Month of Prayer and Giving Day 10 – Holding on with their eye-lashes

Holding on with their eye-lashes

In November 1862 eighteen-year-old Archibald Brown took up the leadership of a small cause in Bromley, Kent. He had a congregation of 18 on the first Sunday. Only 12 returned the second week. Progress continued in the same direction when on the third week only six showed up. It couldn’t get much worse!

When he reported to C.H. Spurgeon about his disappointing start and the dismal prospects for the work, Spurgeon famously replied with these words: “Hold on with your teeth, and if you cannot hold on with your teeth, hold on with your eye-lashes – but hold on somehow!”

By God’s grace, Brown did hold on. The tide turned and by the next year a church was formed with 20 members including a number of new converts.

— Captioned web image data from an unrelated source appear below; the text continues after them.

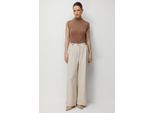 Hochtaillierte weite Hose mit Accessoire-Detail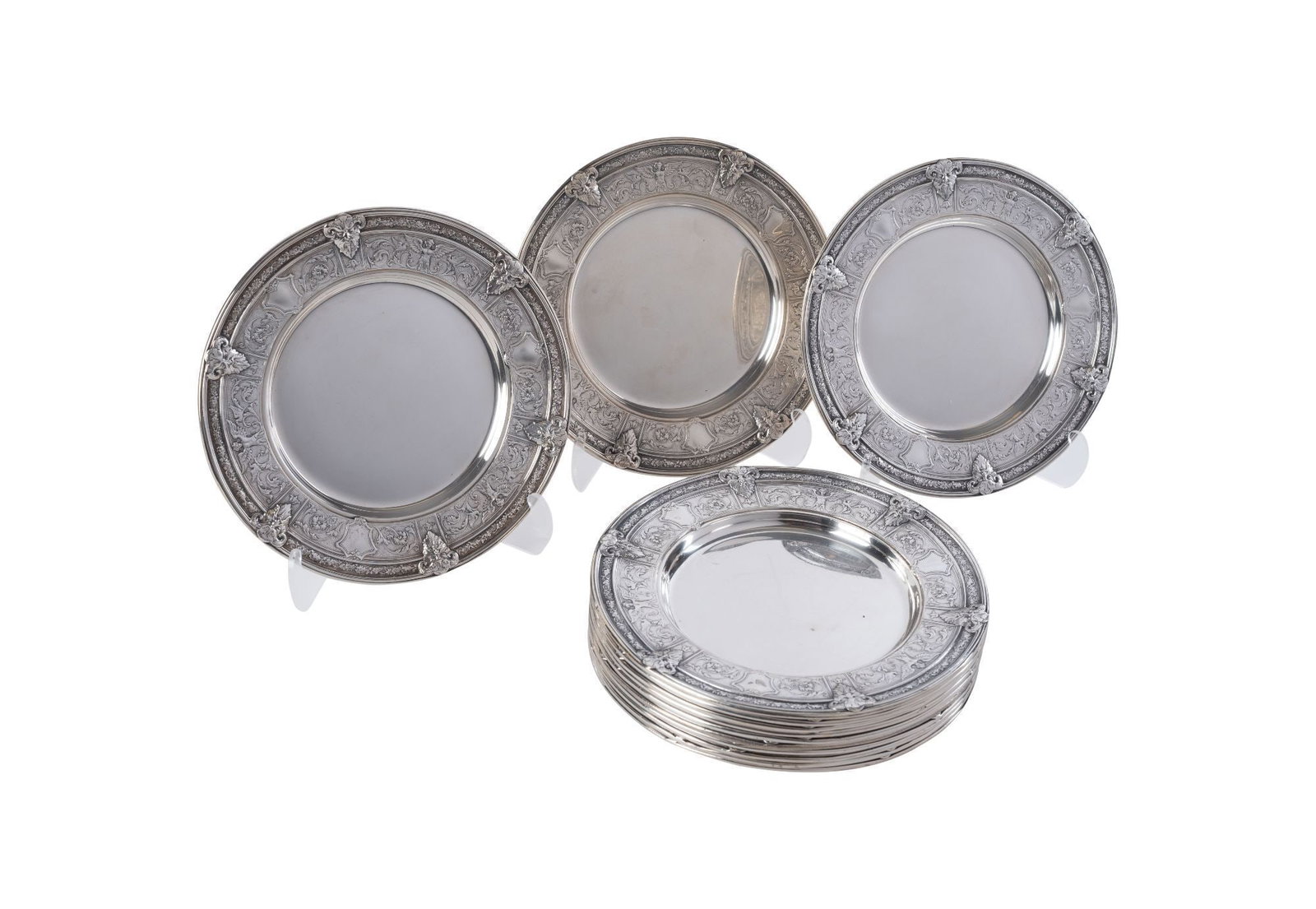 Whoopi Goldberg | Set of 13 Gorham Sterling Bread & Butter Plates (1 of 2)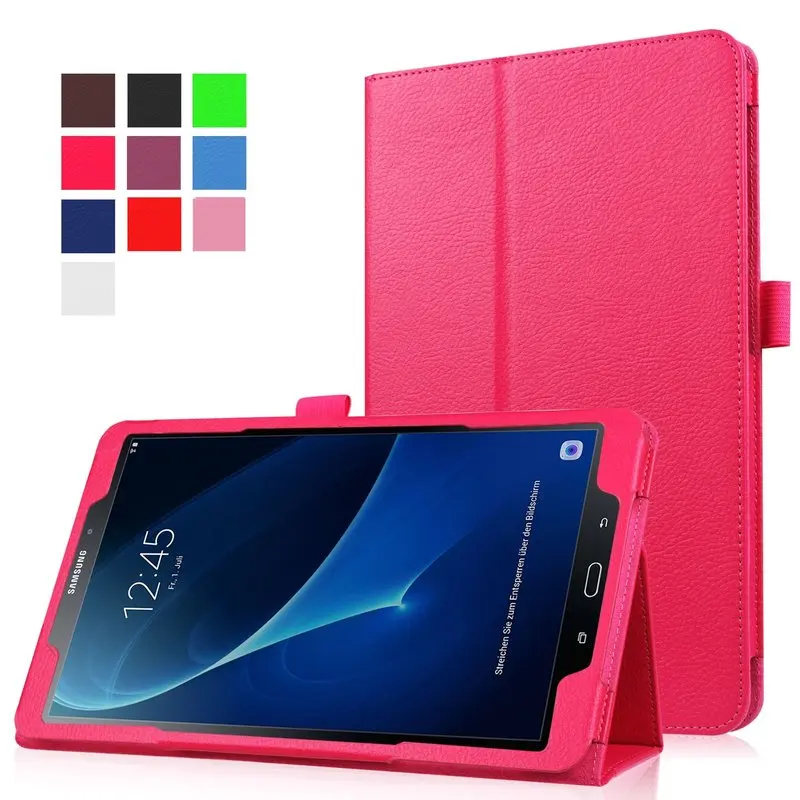 

Магнитный чехол для Samsung Galaxy Tab A 10,1, чехол для модели A6 SM-T580 T585 T587, тонкий чехол из искусственной кожи с функцией автоматического сна/пробужде...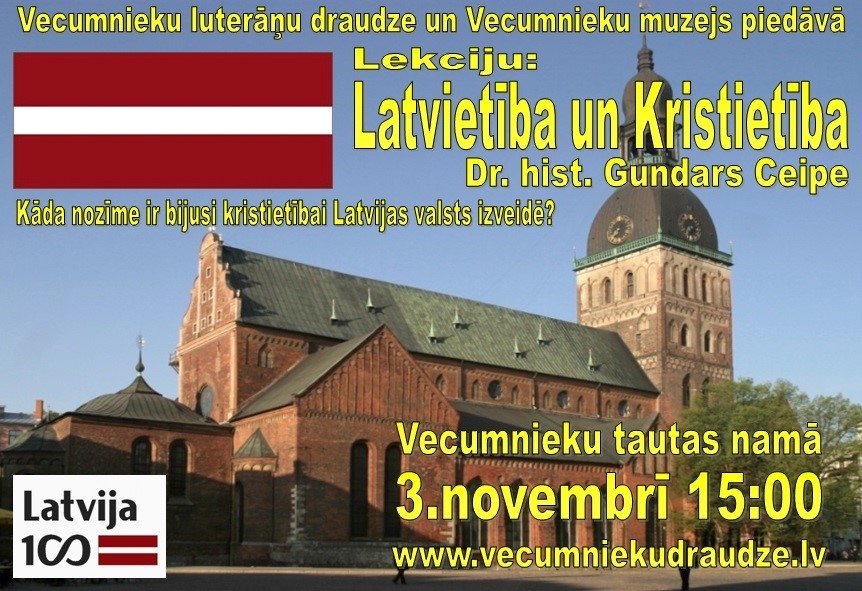 Lekcija «Latvietība un kristietība» Vecumniekos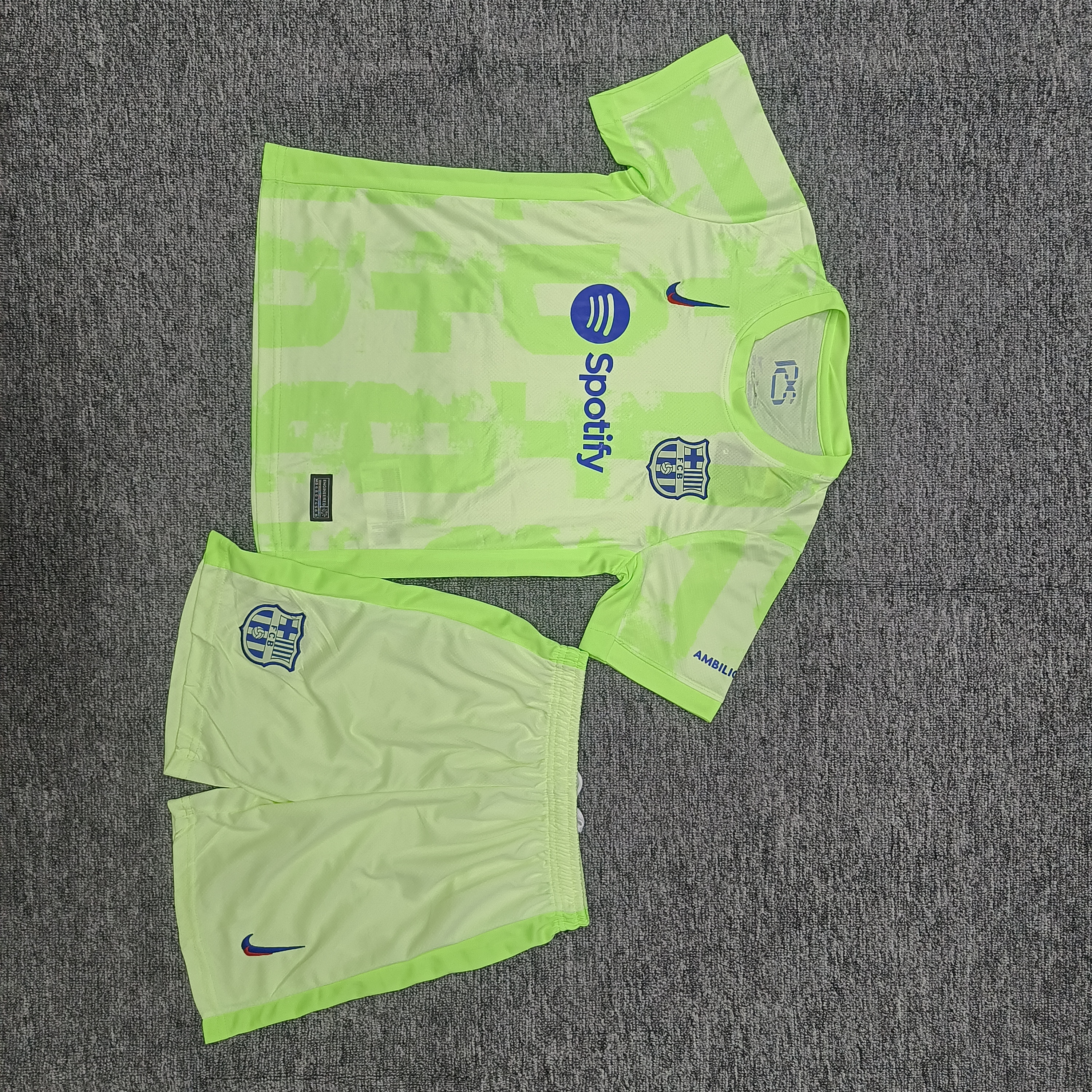 24-25 Barcelona two away children's football uniform set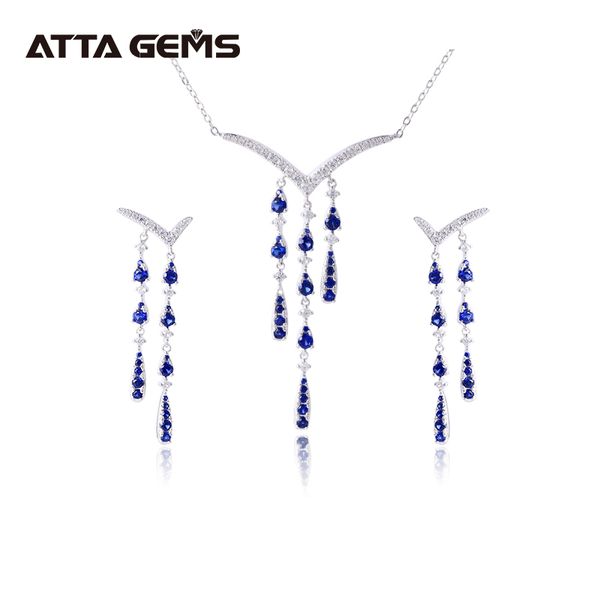 blue sapphrie sterling silver jewelry set for women wedding anniversary created sapphrie classic style rain story design, Black
blue sapphrie sterling silver jewelry set for women wedding anniversary created sapphrie classic style rain story design, Black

Some of the men we support – young and old alike – are holding on with their eye-lashes. Some of them have faced perplexing difficulties in their churches. Some of them have experienced heart-breaking disappointments in their homes. Some of them have faced ill health themselves or in their immediate families. Some of them consistently have more month at the end of the money. All of them have known the reality of intense spiritual warfare.

How should the rest of us respond? I can answer no better than Mr. Spurgeon did on another occasion.

“We honour the men who, subsisting on scanty and humble fare, battling with adversity, and living down prejudice, are seeking to the best of their ability to plant new churches in apparently unhopeful districts. With the accent of conviction on their lips, the truth of God in their hearts, and undying perseverance leading them on, they must succeed in breaking the dreary monotony of a sinful village life. Their preaching may not please the highly cultured; their methods of working may not suit this decorous age; their unambitious lives may fall flat upon the feverish world; but their faithfulness to God, and persistency in his service, shall be rewarded with the divine “Well done, good and faithful.” We know no greater heroes than these sufferers of contumely and hatred, who so gloriously bear up and strike dismay into the enemy’s camp. Their imperfections are not worthy to be weighed with their virtues. If England is to be evangelised, it must be by such men. Fit them, train them to as great a degree of perfection as mortal man can bear — no standard is too high for God’s ministers but let not culture destroy Christian simplicity (it does not in the truly great); let not learning quench earnestness and enthusiasm; let not supercilious affectation snub them, or selfishness despise them. A future generation may be proud of men who today are but lightly esteemed.”

Will you pray that God will give us the wisdom to honour such men not just in past history but in present ministry as well?

Will you ask God what you can do to lighten their load and to encourage their hearts?